One after the other, people get up for more food and tea cups are refilled. People change tables.
'I've just finished my fourth novel.'
This is a one-to-one conversation. My partner is an old gentleman, an ex music and English teacher, who has published a number of text books on poetry and music, but has so far been unable to find a publisher for his novels. I have read the first one, it was rather stiff and learned and showed how thoroughly the writer had done his research. A lifeless read; I have not read the subsequent works. He has, however, written a delightful little collection of children's verse, which I enjoyed very much.
'No, you can't even get an agent nowadays.' He has published his first two novels himself and will no doubt do the same with the next two and any others he writes. I find it difficult to say anything constructive. He has written some very decent poems for adults too, which a composer has set to music.
Moving on, I join a larger table, where a discussion on politics is in full flow. Country people are conservative by nature, their politics tend to lean towards the Right. A lot of the newer inhabitants are professionals from the big cities, as well as writers, artists, teachers, with more liberal tendencies. In spite of these differences, everyone here is united in their wish to see the downfall of the Murdoch clan and News Corp. It's safe territory. When the talk turns to Mr. Cameron, whose current posturing in the face of the financial crisis hitting the pockets of ordinary people makes me feel nauseous, the differences become more obvious.
We have to live with each other, for the most part we are on friendly terms with each other and agree to disagree. Besides, we've only had tea, alcohol-fuelled pub rants have no place at the tea-table.

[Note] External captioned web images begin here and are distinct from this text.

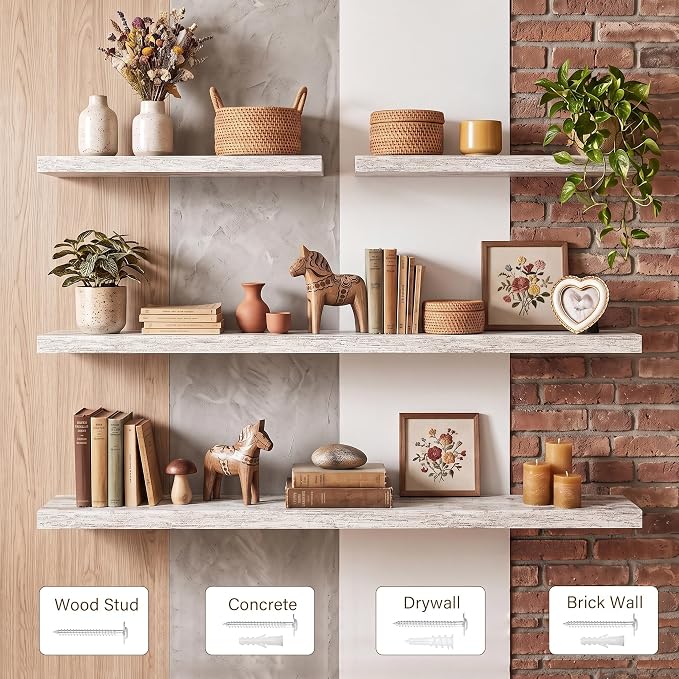 48x8in Floating Shelves 2 Pack, Wall Mount Display Shelf, White Washed | Invisible Brackets, 35lb Sturdy MDF, 48in Long, Easy Install, For Bedroom, Bathroom, Living Room, Kitchen & Office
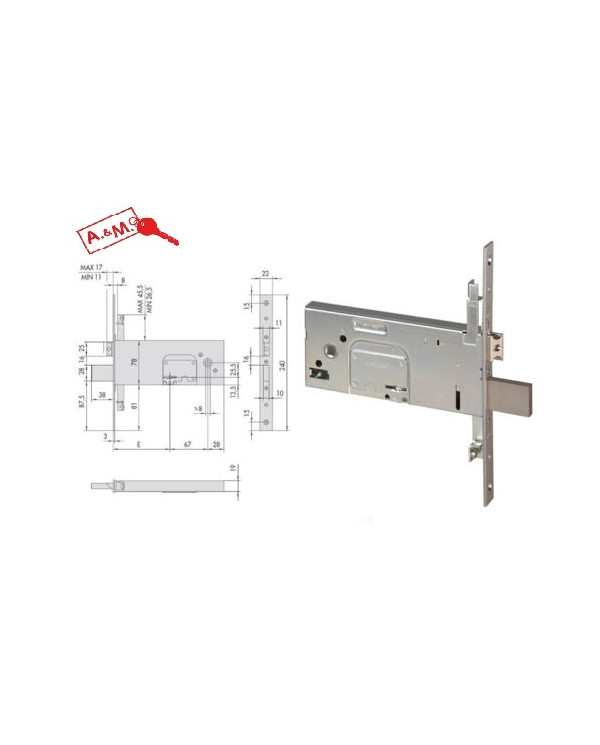 CISA SERRATURA FASCIA TRIPLICE DM E90 ART 57357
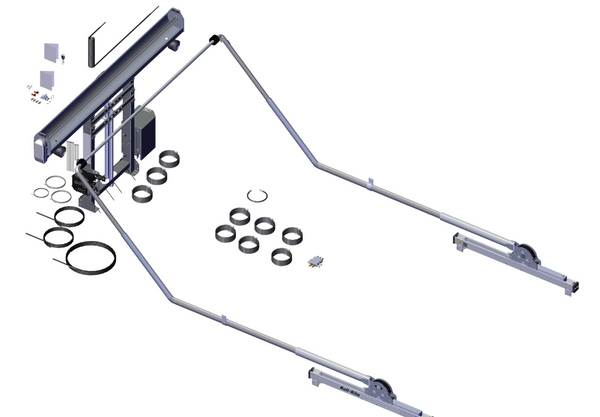 Roll-Rite 69352 DC352 dual-stage tower roll-off tarp system with Super Slider pivot, wide bow set with 45° offsets, integrated aluminum spool housing, hydraulic cylinder, and wireless control components – shown as complete system kit.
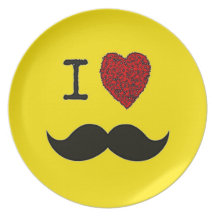 Bigote negro retro del amor del manillar I Plato De Comida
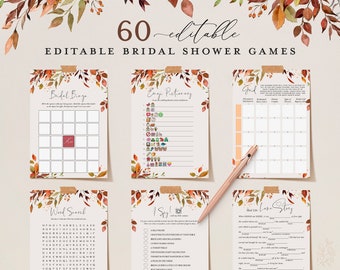 SIENNA - 60 Fall Bridal Shower Games, Burnt Orange, Editable Bridalshower Games Bundle, Instant Download, Wedding Printable Autumn Hen Party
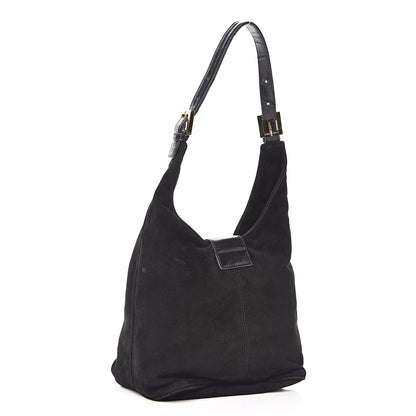 Fendi Suede Glitter Shoulder Bag Black 3 of 13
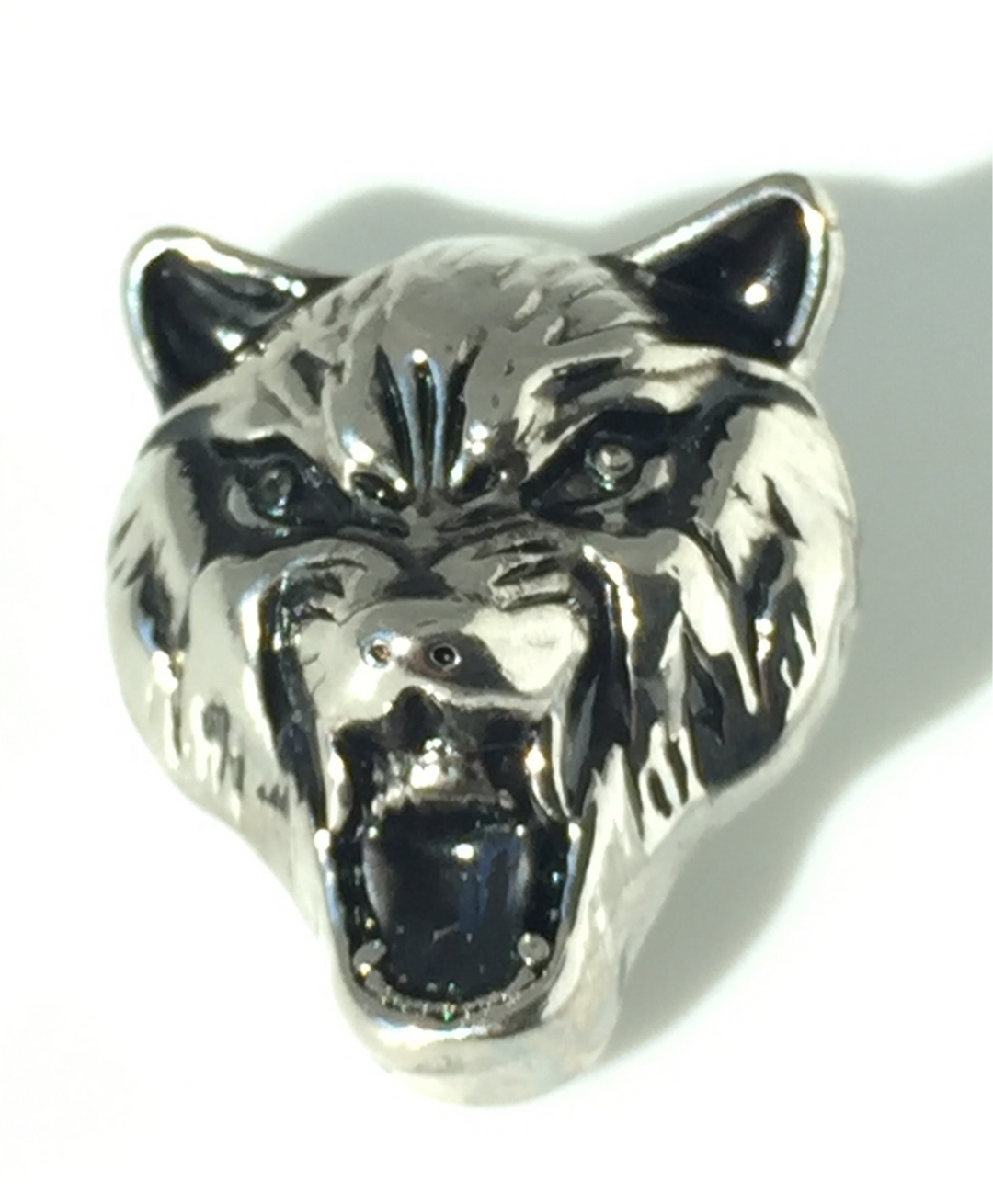 Silver plated Wolf Head Snap - Snap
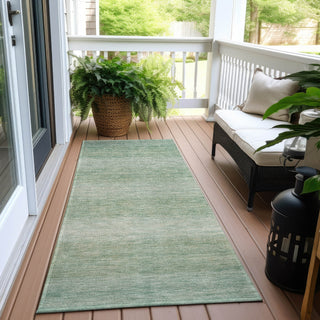 Piper Looms Chantille Stripe ACN1733 Aqua Machine Washable Area Rug Runner Outdoor Lifestyle Image Feature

In the meantime, the ramblers have arrived, hungry and in need of refreshment. There is also a group of people whom nobody knows, a group of cyclists, male and female, who saw the sign advertising afternoon tea and followed it to the back of the house. The organiser beams a welcome smile.
It's getting cool and people are beginning to leave. The food lady comes over, bearing a large platter of left-over food, a few sandwich triangles, slices of fruit cake and brownies. Linda's big cake has all been eaten. Anybody who still has a corner to fill in their tummy, takes a piece; there is no embarrassment, that's what we do.
The fundraiser has been a success. Amnesty International will be given a decent sum of money.
Valley's End is rather good at fundraising, we do a lot of it.